Gianni Bocchieri
La crisi economica non accenna ad allentare la sua morsa. Le notizie sulla perdita di posti di lavoro sono continue. Molti settori manifatturieri sono in serie difficoltà, determinando una spirale recessiva anche per i servizi terziari. A queste situazioni diffuse si affiancano poi i casi più evidenti di difficoltà di altro e vario tipo, come per ILVA e FIAT.
Ormai, è sempre più evidente che senza ripresa economica non può esserci aumento occupazionale. Il lavoro è sempre meno una variabile indipendente dalla crescita dell’economia. Non bastano nuovi interventi sulla legislazione del lavoro per determinare la diminuzione della disoccupazione, sebbene buone leggi consentano di non perdere tutte le occasioni di lavoro che le imprese sono ancora in grado di determinare. Più che parlare di flessibilità in entrata ed in uscita, si dovrà sempre più considerare la necessità che le imprese non siano disincentivate ad assumere in tutti i casi possibili e per tutte le durate possibili. In assenza di crescita economica, la qualità e l’efficacia della legislazione giuslavoristica sarà sempre più giudicata dalla propensione delle imprese ad adattare la loro capacità produttiva per cogliere tutte le opportunità produttive, con le conseguenti ricadute occupazionali. In altre parole, il diritto del lavoro non dovrebbe mai indurre le aziende a preferire di non produrre di più per non dover assumere, o perché è rischioso assumere a tempo determinato o perché è troppo costoso poter risolvere un contratto a tempo indeterminato.

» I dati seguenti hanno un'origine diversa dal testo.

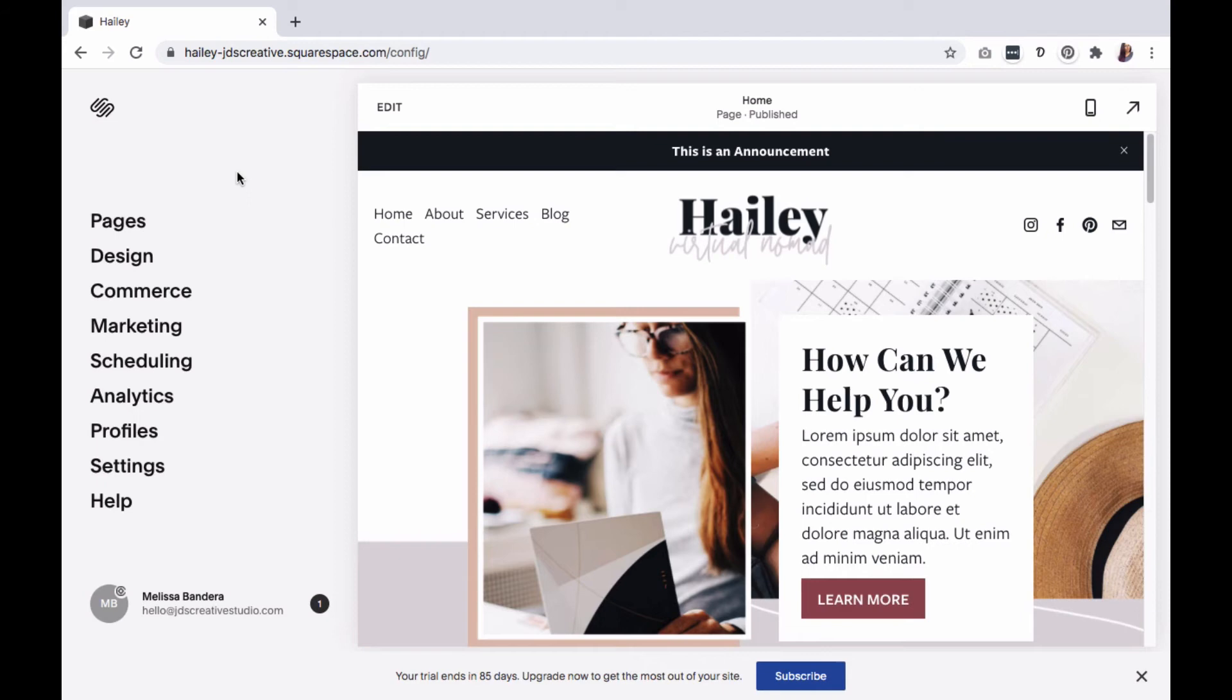Welcome! This tutorial will show you how to create a custom landing page on your Squarespace 7.1 website.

Ovviamente, non ci si auspica di lasciare mani libere alle imprese senza considerare le esigenze di tutela dei lavoratori. La prima giustificazione di una disciplina speciale per i rapporti di lavoro è proprio data dalla necessità di aiutare la parte più debole in un rapporto di lavoro ovvero i lavoratori. È necessario sempre trovare la giusta composizione tra le esigenze di flessibilità delle imprese e le esigenze di tutela dei lavoratori.
Ci sono diversi casi in cui questa composizione delle diverse esigenze di imprese e lavoratori avviene con strumenti di welfare integrativo, costruiti dai sistemi bilaterali nell’ambito dei diversi contratti collettivi di lavoro. Si tratta di misure di protezione dei lavoratori finanziati da quote aggiuntive di contribuzione delle imprese, che vengono poi gestiti da organismi paritetici delle associazioni datoriali e sindacali. I casi più conosciuti sono i fondi interprofessionali per la formazione continua dei lavoratori, che sono sempre più chiamati ad attuare interventi di sostegno al reddito per i lavoratori coinvolti nelle crisi.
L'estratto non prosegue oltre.